UBG: Vulkan and hardware ray tracing

Exciting news! In an earlier post I described my conflict with doing stuff and having something to show for it. Well, it seems that I managed to get over it - at least partly. The past 1.5 months or so I've been rather busy learning Vulkan and hardware ray tracing, and have gotten rather far already!
Though this time I had a bit of help. Instead of doing everything from scratch, I decided to build upon the assets of a Finnish Game Jam 2015 game I was part of, WatDo. Btw, that year was a bit special. I didn't code a single line of (game) code, focusing solely on building the game tilemap with Tiled. Anyway - let's start by briefly talking about doing the new things, and then about the things themselves: learning Vulkan and RT, and also other engine-level stuff such as asset loading and abstractions.

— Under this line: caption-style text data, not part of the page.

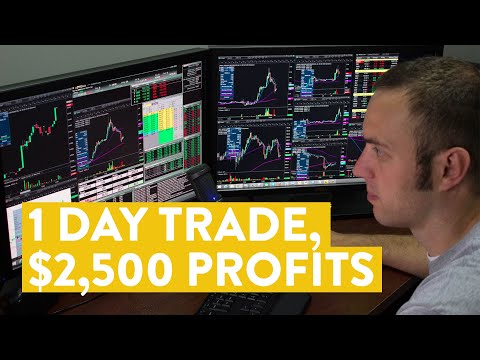 [LIVE] Day Trading | 1 Day Trade, $2,500 Profits, 15 Minutes...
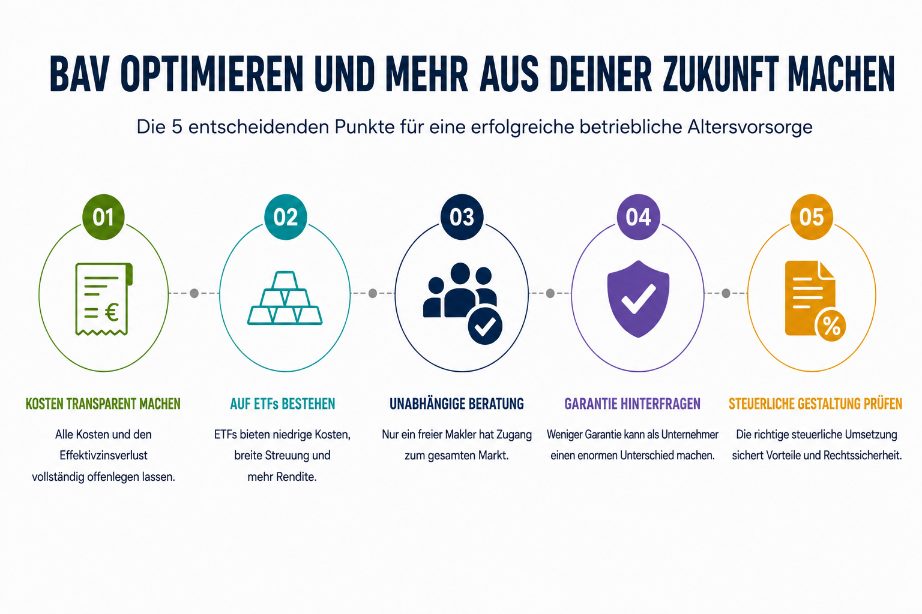 5 Punkte Checkliste für die optimale betriebliche Altersvorsorge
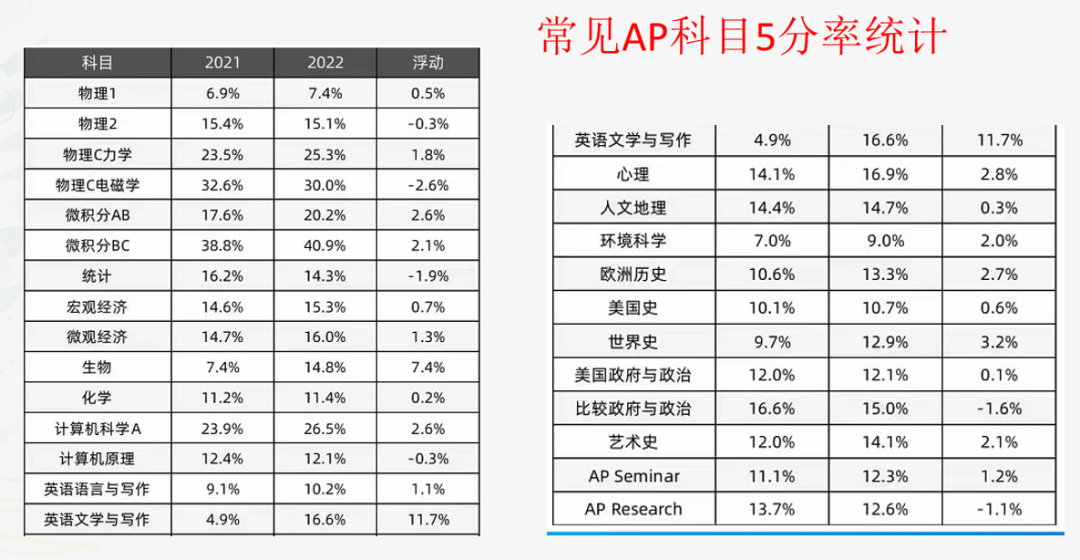 【揭秘】三大课程体系,考多少分才能上英国G5? 【揭秘】三大课程体系,考多少分才能上英国G5?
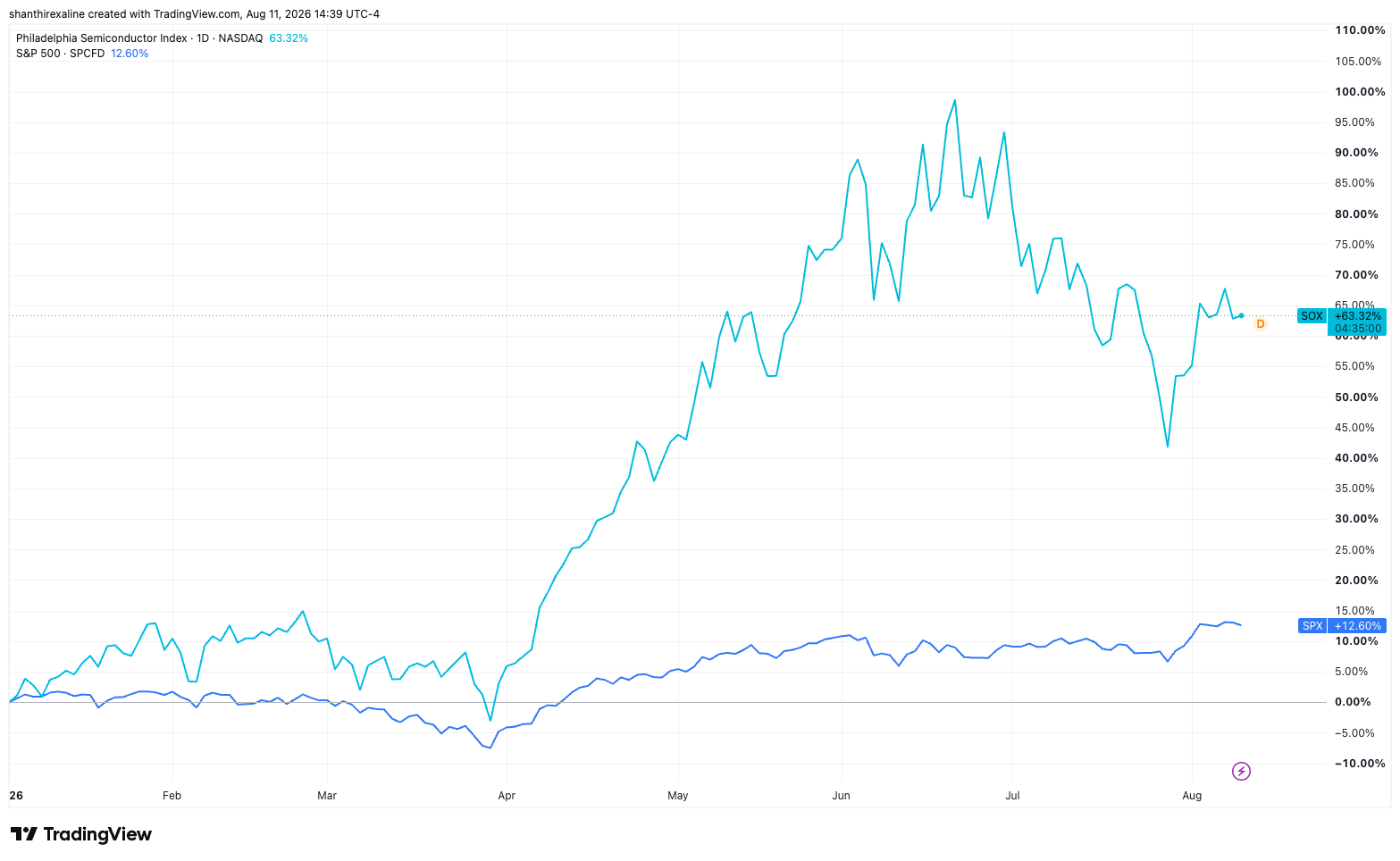 SOXX Vs S&P 500 Daily Chart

I got inspired (more on a later post?) to finally build my other long-time dream - a game with dynamic 2D soft shadows and diffuse global illumination. Considering everything, I thought that my best bet was to learn hardware ray tracing, which in turn meant learning Vulkan. I had zero knowledge on RT, but I had meant to learn Vulkan on many occasions, as that is a modern high-performance graphics API with many improvements compared to even most modern OpenGL. Especially in the area of multithreading, which is a major focus area on my new "engine" in USGE. I was still rather sceptical of RT, but decided to move on with learning Vulkan first, as that was the pre-requisite and would be very useful by just itself, too.

Learning Vulkan

As I knew very little, it was easy to just start working through a tutorial, and having the tutorial to speak for itself. And for the longest time there even wasn't anything that could have be shared, as it was all just initialization and more initialization. In the end it took me two weeks to complete the tutorial and have a multisampled and textured triangle on the screen.

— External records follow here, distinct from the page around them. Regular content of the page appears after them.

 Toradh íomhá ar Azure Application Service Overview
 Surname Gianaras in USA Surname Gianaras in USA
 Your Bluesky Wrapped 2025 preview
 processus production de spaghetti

Quite a pleasant surprise, actually. A long time ago when I initially stumbled upon Vulkan and that very same tutorial, I estimated that it would take at least a month or two to complete it! And now I finished it in just two weeks! I even managed to backport my code hot reloading system, and with the new explicit APIs of Vulkan (and my own GLFW windowing code), it was slightly easier to accomplish it than with USGE which used OpenGL and Silk.NET.Windowing. Of course the initial discovery work done on the topic was extremely important; I'm hoping to share some details on a VLOG post later. But no promises.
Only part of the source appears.